Faculty of Science, Department of Biotechnology, Bartin University, Bartin, Turkey.
Faculty of Science, Department of Molecular Biology and Genetics, Bartin University, Bartin, Turkey.
J Biomol Struct Dyn. 2021 Jun;39(9):3336-3346. doi: 10.1080/07391102.2020.1763838. Epub 2020 May 15.
This work is devoted to definition of the direction of reaction between 1-benzenesulfonylimino pyridinium chloride and α- or β-halo-containing sulfamides, chloroacetic acid, 1-chloro-2,3-dihydroxypropane, etc. The optimal conditions for the synchronous reaction of heterocyclization are determined. Benzenesulfonyliminopyridinium chloride was obtained to form pyrazolopyridines with 1,2-polarophiles, and pyridazine pyridines with 1,3-polarophiles. These novel derivatives were found as effective inhibitors of the α-glycosidase with K values in the range of 13.66 ± 2.63-60.63 ± 12.71 nM. The molecules () against enzyme were compared theoretically with the help of molecular docking to compare biological activities. The results were compared with the numerical values of the parameters obtained from molecular docking calculations and found to be in great agreement with the experimental results. However, ADME analysis of molecules was performed. Also, the compounds exhibited significant anticancer effect depending on the doses administered.Communicated by Ramaswamy H. Sarma.

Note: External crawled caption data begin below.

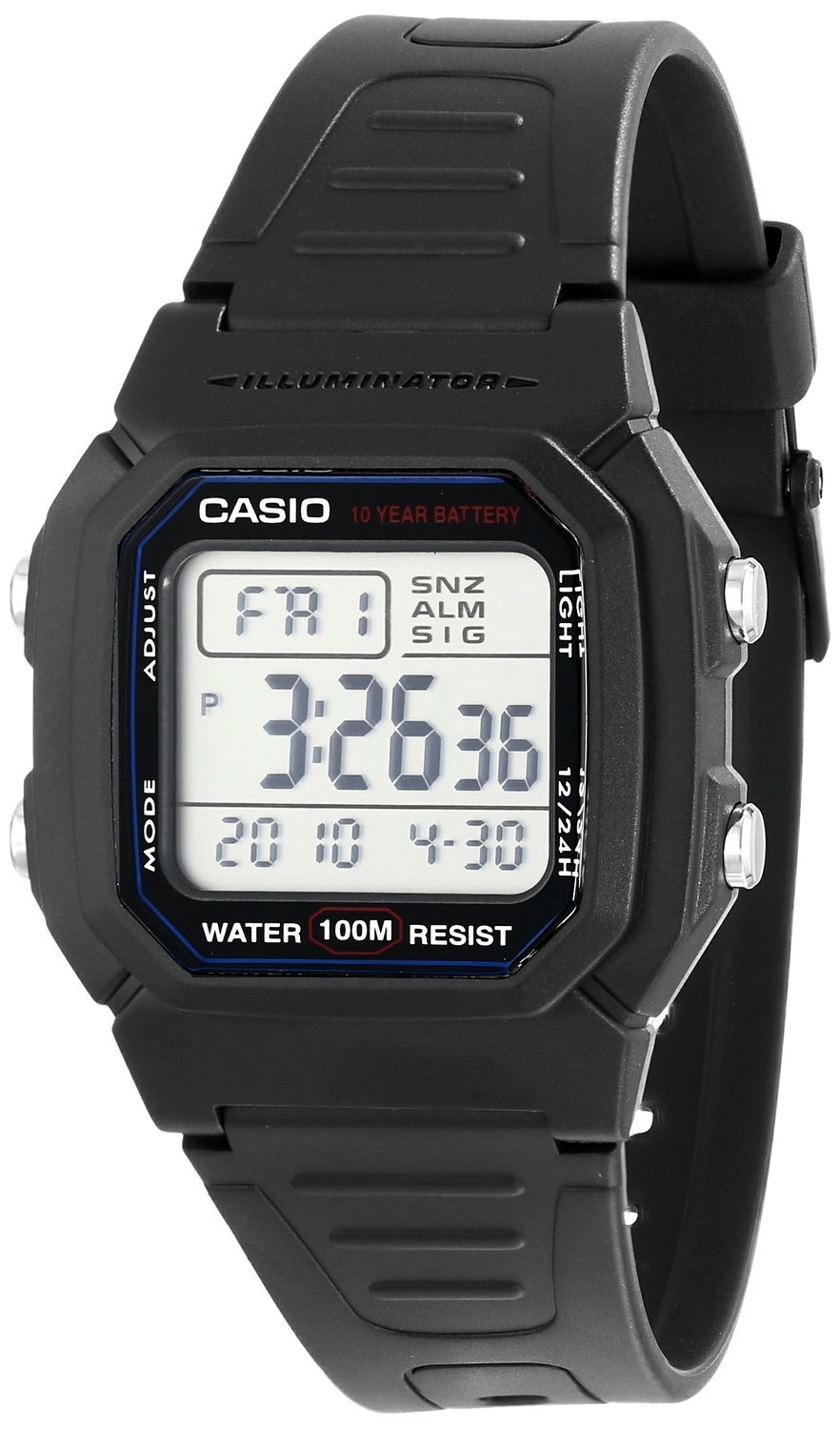 Serie Casio W800H | Reloj digital unisex | Negro | Resistencia al agua hasta 100 metros | Retroiluminación LED | Cronómetro 1/100 SEC | Hora dual | Alarma multifunción | Calendario automático completo | Batería de 10 años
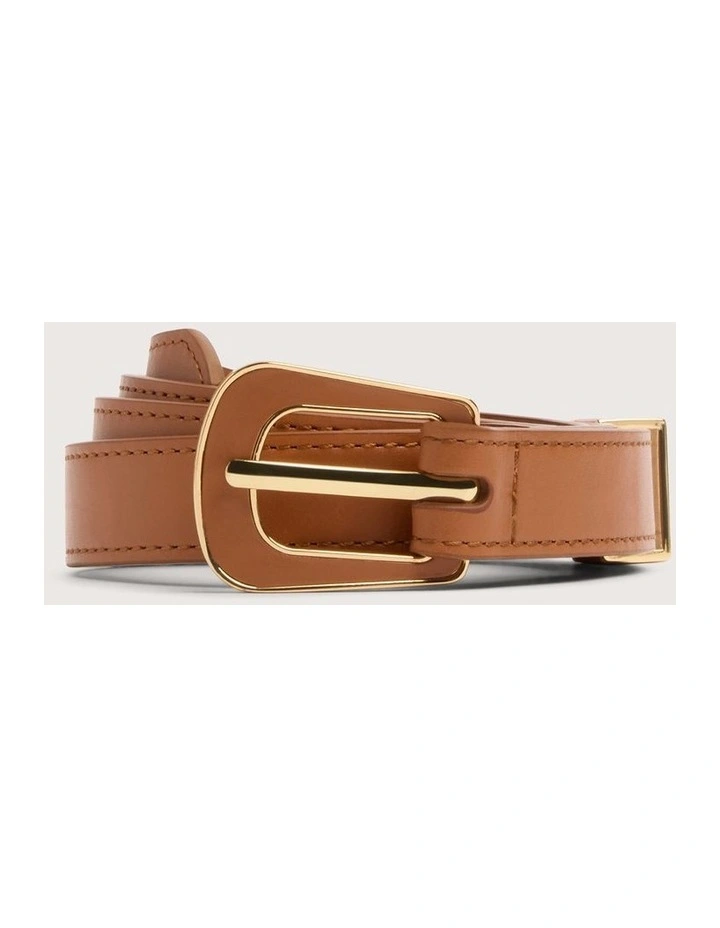 Clara Leather Belt in Tan image 1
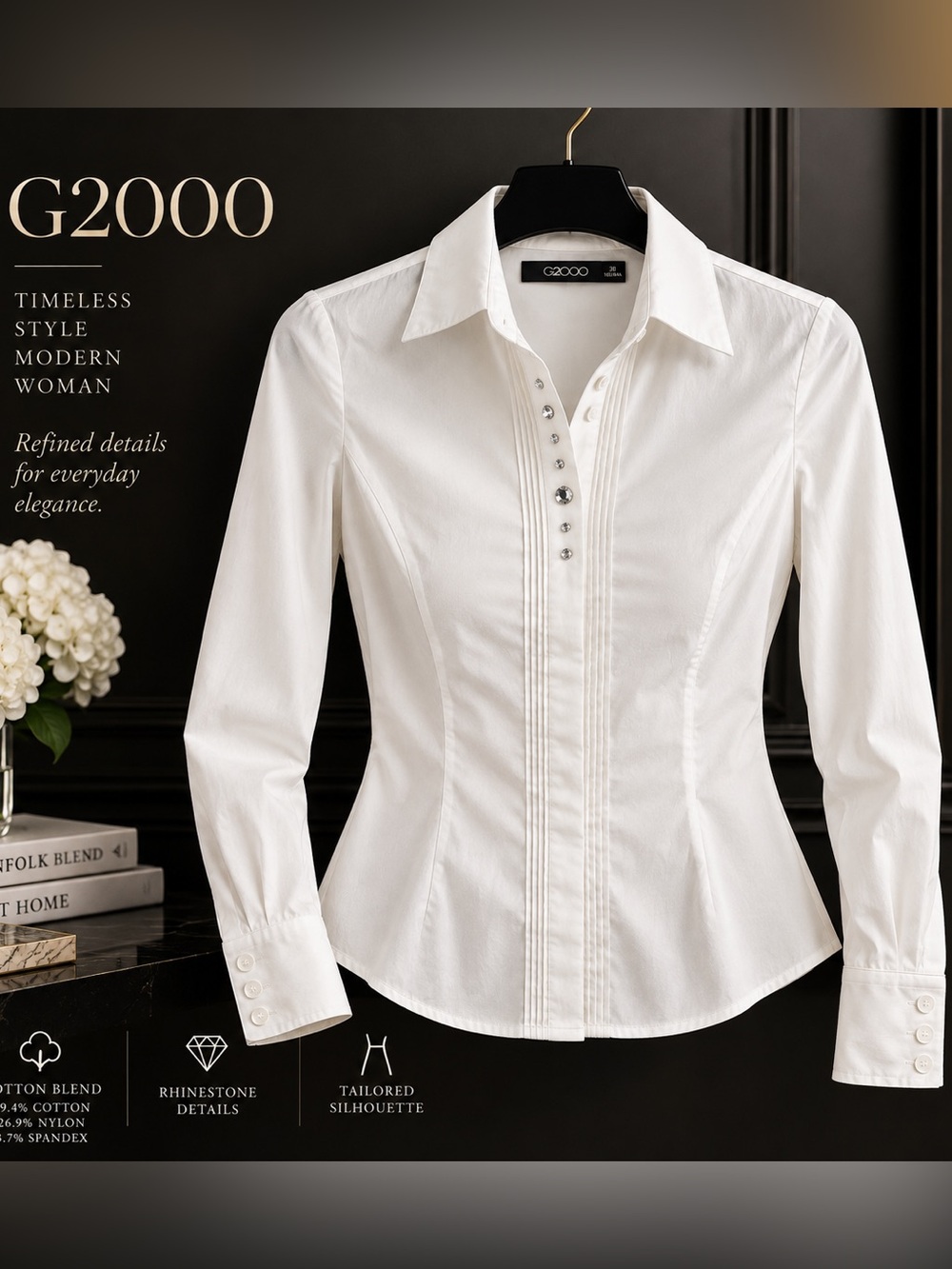 G2000 White Rhinestone Pintuck Button Down Shirt Size 38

这项工作致力于定义 1-苯磺酰亚氨基吡啶𬭩氯化物与α-或β-含卤磺酰胺、氯乙酸、1-氯-2,3-二羟基丙烷等之间的反应方向。确定了杂环化同步反应的最佳条件。苯磺酰亚氨基吡啶𬭩氯化物与 1,2-亲电试剂形成吡唑并吡啶,与 1,3-亲电试剂形成哒嗪吡啶。这些新型衍生物被发现是有效的α-糖苷酶抑制剂,其 K 值范围为 13.66 ± 2.63-60.63 ± 12.71 nM。利用分子对接技术对()分子进行了理论比较,以比较生物活性。将结果与分子对接计算得到的参数数值进行比较,发现与实验结果非常吻合。然而,对分子进行了 ADME 分析。此外,这些化合物还表现出显著的抗癌作用,具体取决于给药剂量。由 Ramaswamy H. Sarma 传达。